An apparent mistaken sell order in Chicago Board of Trade (CBOT) e-mini Dow futures created pre-4th firework havoc and wild price swings at both the CBOT and the Chicago Mercantile Exchange (CME) Index futures pits in a short session Thursday.
There is no news about what the CBOE might do, if anything, relating to traders who (because of the sharp down swing in futures) were forced out or hit the panic button in the DJX options or in the S&P index options contracts. I would not assume that the CBOE would do anything as it was not something they had any control over.
CBOT traders reported the exchange announced all trades below 9018 in the Dow futures market would be canceled, although CBOT officials told the business press they were still investigating the situation and didn't have an official comment yet. Well, there is one spoiled long weekend for a bunch of exchange officials!
Floor traders said an apparent order to sell about 10,000 contracts instead of 100 was put in by a member firm by mistake in the e-mini Dow futures market. Some mistake!
The e-mini Dow futures trades electronically alongside the open- outcry market, and are half the size of the standard contract. The minis are priced at $5 times the index per contract, representing approximately $45,000 in value with the Dow at 9000.
The CME also offers trading in e-mini stock index futures products of course, such as in the S&P 500 and Nasdaq 100 indices.
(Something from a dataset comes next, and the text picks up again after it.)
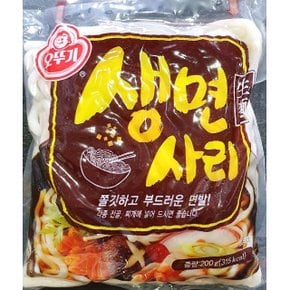 생면사리(오뚜기 200gx50) 생면사리 가공식품 국수 밀 (WC700FB)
At the time of the massive CBOT Dow futures sell order, stock index markets at both the CBOT and CME futures exchanges were in an upswing, after a stronger-than expected Institute of Supply Management's (ISM) non-manufacturing index. Very suddenly, the market took a sharp down turn as the heavy selling in the e- mini futures hit over on the CBOT.
This selling threw participants in trading pits at both the CBOT and CME into major confusion and caused them to cancel bids and, of course, turning to the sell side in some cases. Trader's speculated for example, that there could have been a terrorist incident that wasn't on the newswires yet.
The sell mistake created a ripple effect in the CME's S&P 500 and S&P e-mini contracts as well, as many of the same traders are active in both markets and also arbitrage between S&P and Dow futures markets. Fast markets were briefly posted at the CME during the chaos, and even interest-rate markets reacted by pulling off their lows when the equity-futures markets started to melt down at both exchanges.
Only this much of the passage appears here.